§ **WHAT YOU SHOULD DO**
Make an exact copy of the listing so that no picture is carried over.

§ **DATA EXCERPT**
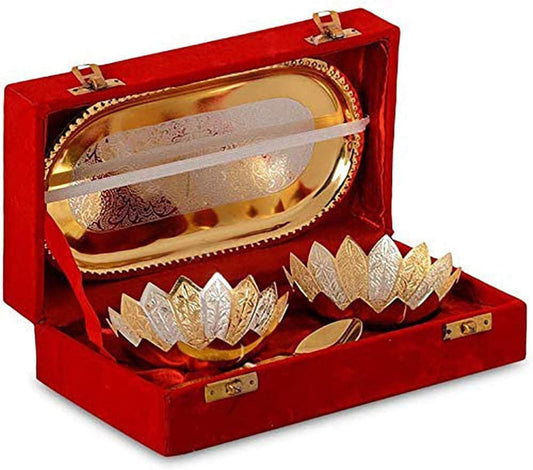 Silver and Gold Plated Floral Shaped Bowl and Tray Set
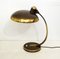 Large Mid-Centry Desk Lamp in Patinated Gold Metal 16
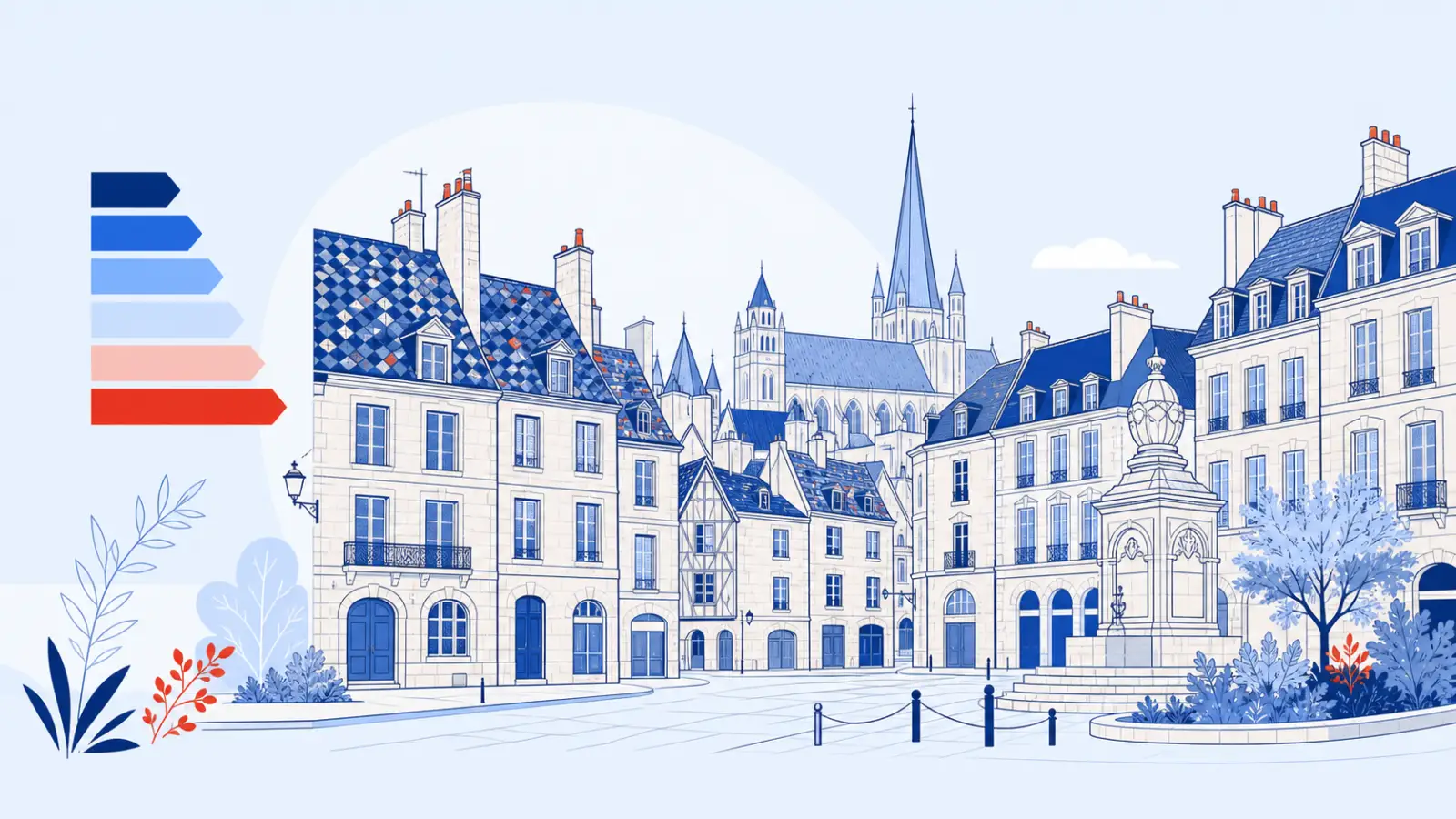 Illustration du parc immobilier à Dijon pour un diagnostic de performance énergétique local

§ **OUTPUT BELOW**
 Silver and Gold Plated Floral Shaped Bowl and Tray Set
 Large Mid-Centry Desk Lamp in Patinated Gold Metal 16
 Illustration du parc immobilier à Dijon pour un diagnostic de performance énergétique local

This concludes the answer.